The interactive impact of the human-machine interface (HMI) is much more significant than its basic functionality. An HMI system is the principal point of contact between the user and a machine or process. A good HMI system makes this interaction seem intuitive. A poor HMI system can alienate users or potential customers, encourage users to circumnavigate the system or result in poor or unsafe system performance. As the direct link to the user, the HMI directly represents the core system’s quality and value. A sophisticated mix of design and layout considerations, such as contemporary style, color and tactile response, coupled with ergonomic and intuitive operation, create an optimal user experience that determines a customer’s satisfaction with the core product.

A highly reliable HMI system that delivers safe, cost-effective, consistent and intuitive performance relies on the application of engineering best practices throughout design and panel layout, production, testing and quality assurance processes. Just as critical, in-depth knowledge of and compliance with all relevant ergonomic, safety and industry standards must inform each step of the design and manufacturing cycle. Clear definitions of the functional requirements, the operator’s level of expertise and any communications/interactions with other systems provide the starting point in the knowledge-intensive design process.

The tools needed for effective operator control of the equipment, as well as the requirements of the overall application, determine the selection of interface functions. There are many factors to consider in the initial design phase that are critical to both the HMI and the core system to which it is interfaced. Besides industry and functional requirements, selection priorities also depend upon the experience level of the operator and environment, among many other factors. The driving priority might tilt toward ergonomics, for example, as is the case for applications subject to ADA (Americans With Disabilities Act) guidelines. On the other hand, production floor applications are typically robust and strictly functional, driven by the need to withstand a harsh environment. In the transportation industry, for example, consistency with a previous design—to provide a consistent operator environment—is very often the ruling priority.

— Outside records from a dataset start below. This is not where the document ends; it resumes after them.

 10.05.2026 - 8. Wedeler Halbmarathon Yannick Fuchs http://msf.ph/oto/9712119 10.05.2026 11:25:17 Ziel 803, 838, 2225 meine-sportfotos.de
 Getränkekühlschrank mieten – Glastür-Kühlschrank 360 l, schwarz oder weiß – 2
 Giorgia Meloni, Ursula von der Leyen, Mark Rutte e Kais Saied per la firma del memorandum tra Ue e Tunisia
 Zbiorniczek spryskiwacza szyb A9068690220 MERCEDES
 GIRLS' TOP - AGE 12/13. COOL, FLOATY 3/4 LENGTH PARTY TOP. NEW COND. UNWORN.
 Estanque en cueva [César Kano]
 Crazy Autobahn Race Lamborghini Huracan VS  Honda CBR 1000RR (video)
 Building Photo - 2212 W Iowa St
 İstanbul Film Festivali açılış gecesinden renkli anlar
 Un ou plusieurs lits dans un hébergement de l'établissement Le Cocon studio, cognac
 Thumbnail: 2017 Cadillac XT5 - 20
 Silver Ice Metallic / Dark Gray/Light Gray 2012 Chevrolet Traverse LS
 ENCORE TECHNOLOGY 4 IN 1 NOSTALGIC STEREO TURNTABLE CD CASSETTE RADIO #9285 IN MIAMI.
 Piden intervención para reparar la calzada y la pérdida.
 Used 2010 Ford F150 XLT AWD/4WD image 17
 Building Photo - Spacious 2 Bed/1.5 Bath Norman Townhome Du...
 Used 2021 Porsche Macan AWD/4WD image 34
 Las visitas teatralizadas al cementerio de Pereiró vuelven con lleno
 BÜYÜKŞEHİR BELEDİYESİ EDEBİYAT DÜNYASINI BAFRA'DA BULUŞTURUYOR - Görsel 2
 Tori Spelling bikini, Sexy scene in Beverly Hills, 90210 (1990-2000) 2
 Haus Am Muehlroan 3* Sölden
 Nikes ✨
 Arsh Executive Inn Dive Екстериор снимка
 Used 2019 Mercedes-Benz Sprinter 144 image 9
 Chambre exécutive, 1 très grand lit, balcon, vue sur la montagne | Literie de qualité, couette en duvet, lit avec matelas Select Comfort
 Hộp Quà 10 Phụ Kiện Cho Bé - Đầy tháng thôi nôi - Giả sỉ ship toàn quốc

A thorough knowledge of technical ergonomic, design and manufacturing standards is fundamental to proper and effective HMI system design whether working independently or with a sanctioned design partner. These include engineering standards, such as MIL-STD-1472F, which establishes human engineering design criteria for military systems, subsystems, equipment and facilities; federal standards set by the Americans With Disabilities Act; and industry guidelines such as those from SEMI S2-93, the global semiconductor industry association, covering HMI for semiconductor manufacturing equipment. Additional HMI specifications are defined by the American National Standards Institute (ANSI), the Institute of Electrical and Electronics Engineers (IEEE), the International Organization for Standardization (ISO) and others.

The EU provides specifications in its EU Machinery Directive for any equipment for domestic, commercial or industrial applications that have parts actuated by a power source other than manual effort. Meeting this directive earns the equipment a CE mark. There are also standards for public access HMI systems, including security and cryptography standards for systems that handle payment cards; specific flammability standards and test procedures for transportation systems; and medical device and equipment standards. 

Depending on the ultimate product application, observing appropriate standards ensures that a product will meet industry criteria. This includes the placement of components, legend size and color, emergency stop switch configuration and guards and other ergonomic factors that improve usability, efficiency and safety.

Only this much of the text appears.